High-end homes in the Chicago real estate market have come off of the housing slowdown somewhat unscathed, but luxury properties have been selling especially well in recent months.
And it doesn’t look like it will slow down any time soon. One reason, reported by the Wall St. Journal this week, is that interest rates for jumbo loans have actually dropped lower than those for smaller mortgages—something lenders say hasn’t happened before.
Jumbo loans—those too large for government backing, and higher than $417,000 in Chicago—have typically had higher interest rates because of the higher (and riskier) loan amount. But banks are slowly coming around and are more willing to offer jumbo loans to the right buyers, and at a great interest rate to boot. Banks want more loans on their balance sheets, and building relationships with high-end buyers through jumbo loans is a way for them to do that.

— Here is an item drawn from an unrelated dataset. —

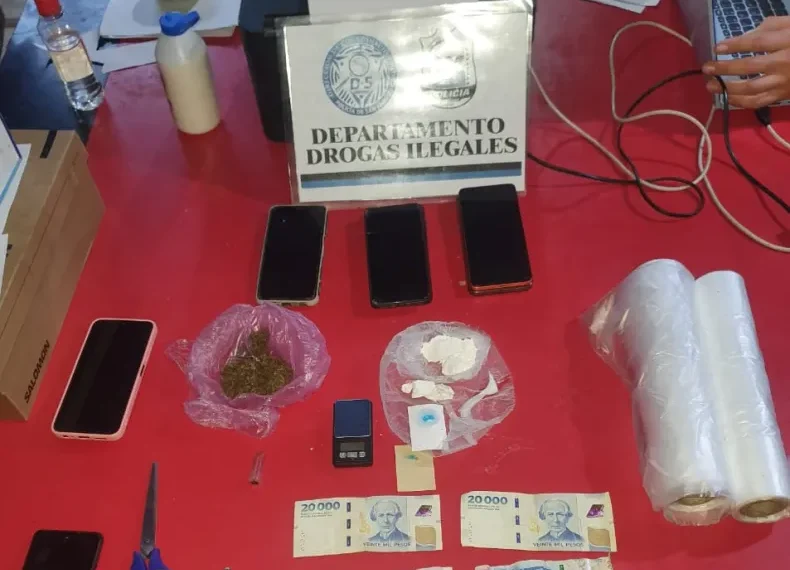 Detuvieron a una pareja tras un allanamiento por venta de estupefacientes en La Bebida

Of course, it’s still important to have all of your proverbial borrowing ducks in a row—clean credit, a sizeable down payment (at least 20%), assets, and a low debt-income ratio. But if you’re in the market to buy luxury Chicago real estate, now is a great time to make a move.
Getting a Jumbo Loan for Chicago Real Estate
If you’re looking at making a Chicago luxury real estate purchase, you’ll still need as much cash as possible and a strong credit history. Before you head to the bank, here are a few other considerations for looking into a jumbo loan:
Do your due diligence: Make sure you understand the different kinds of loans about there to avoid getting into one that could be riskier than you want. For example, adjustable-rate loans could be a viable option, but these types of loans can also be unpredictable. It’s crucial you understand the ins and outs of a mortgage loan to ensure it’s the right one for your particular situation.

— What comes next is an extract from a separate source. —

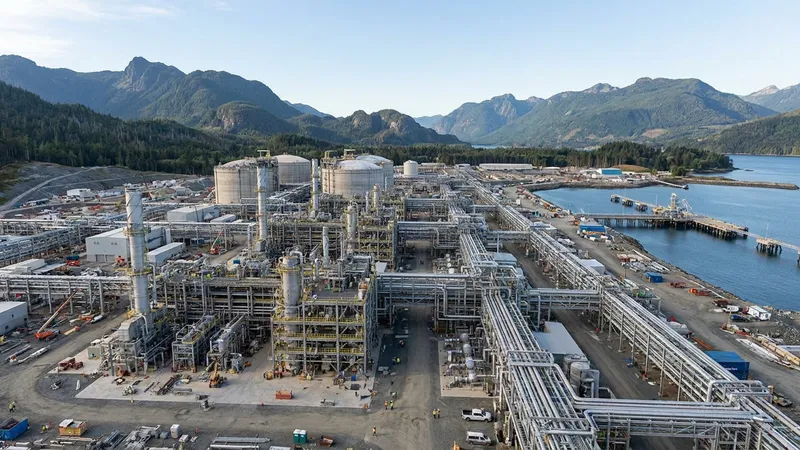 Shell backs LNG Canada expansion to 28 million tonnes yearly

Talk to your bank: Your own bank may be more flexible on loan terms than a run-of-the-mill lender, so I’d suggest checking with them first. Banks prefer lending to their current customers since these buyers are more likely to repay a loan and less likely to switch lenders.
Lock down the rate: If you have a deal in the works with today’s lower-than-conforming rates, lock it down to protect yourself from further rate moves.
While buyers in the Chicago luxury real estate market have the cash and assets to qualify for a jumbo loan, there are still many things to consider along the way. But it’s certainly a good sign that jumbo loans are working their way back into the mix for those interested in buying luxury properties.